> Anyway, my colleague found that there was one program that needed to allocate around 64KB of memory on the stack and initialize it. The standard way of doing this is to perform a stack probe to ensure that 64KB of memory is available, then subtracting 65536 from the stack pointer, and then initializing the memory in a small, tight loop.

Actually, the standard way of allocating 64 kB of memory on the stack is to just assume you can do it, subtract 64k from the stack pointer, and hope for the best.

Most stack allocations in the wild are not checked.

IIRC you have to probe every page of the stack on Windows. You cannot just subtract a value from ESP/RSP. If you don't probe every page in order, you get a page fault or some other exception (I don't remember which one).

The reason for this is to ensure stack overflows are detected. The OS places a guard page above the top of the stack, which will cause a segfault if accessed. That way stack overflows are guaranteed to crash rather than stomping on valid memory that belongs to something else. However, if a stack frame is larger than a page (say, because it includes a large buffer), then it is possible for the program to "jump over" the guard page and access memory beyond.
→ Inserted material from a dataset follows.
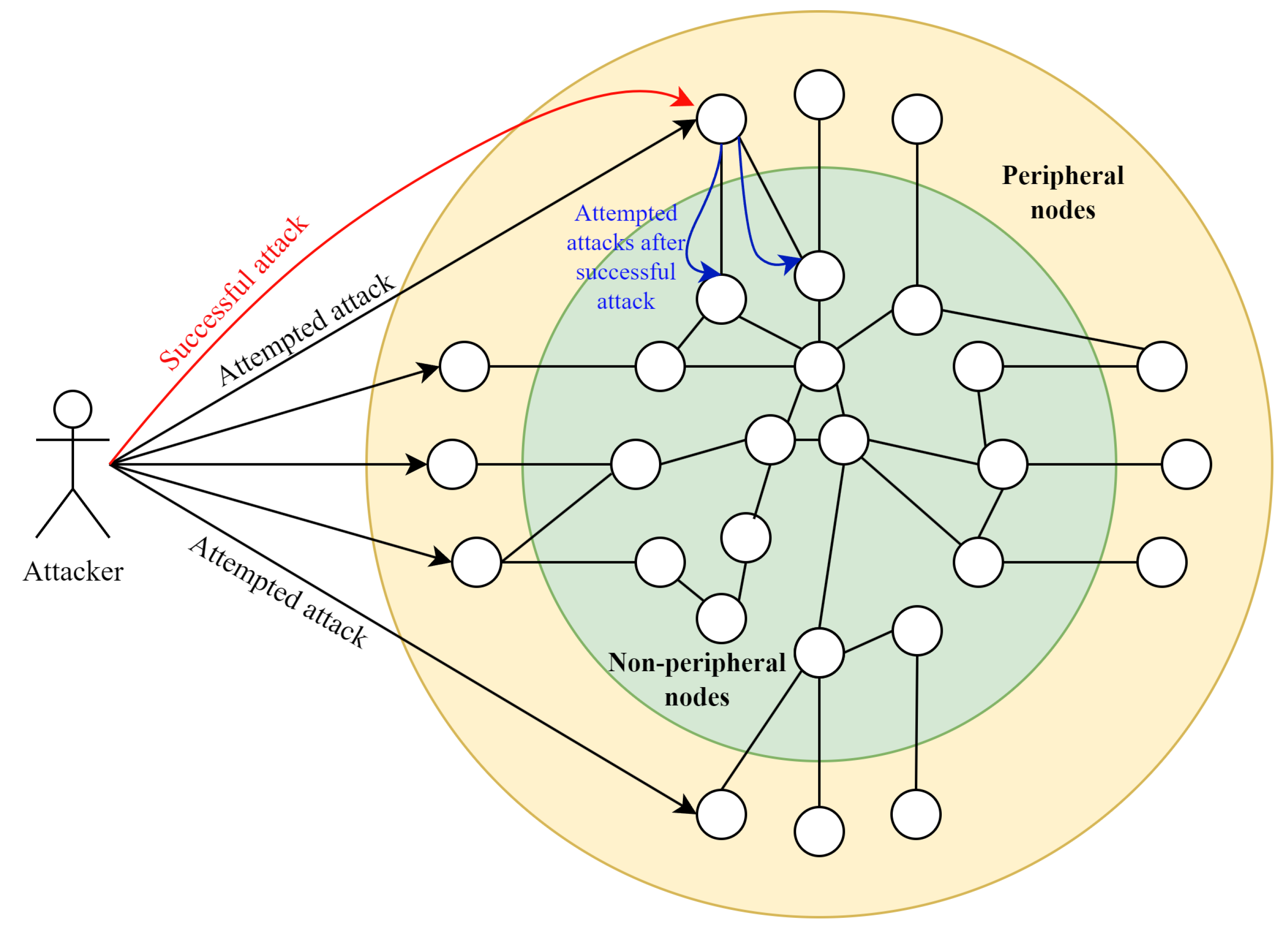 Entropy 26 00384 g003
In order to protect against this, if a stack frame is larger than a page, then the compiler inserts some dummy reads or writes to ensure every page is touched in order from bottom to top. This ensures the guard page is hit before the application has a chance to write to memory beyond it.

Here's an example: https://godbolt.org/z/oTbzTczM6

How else would the OS know your read/write 16 pages away from the current stack pointer is in fact an attempt to increase the stack and not just really bad pointer arithmetic and a bug? How many pages should the runtime let you skip before its just a segfault?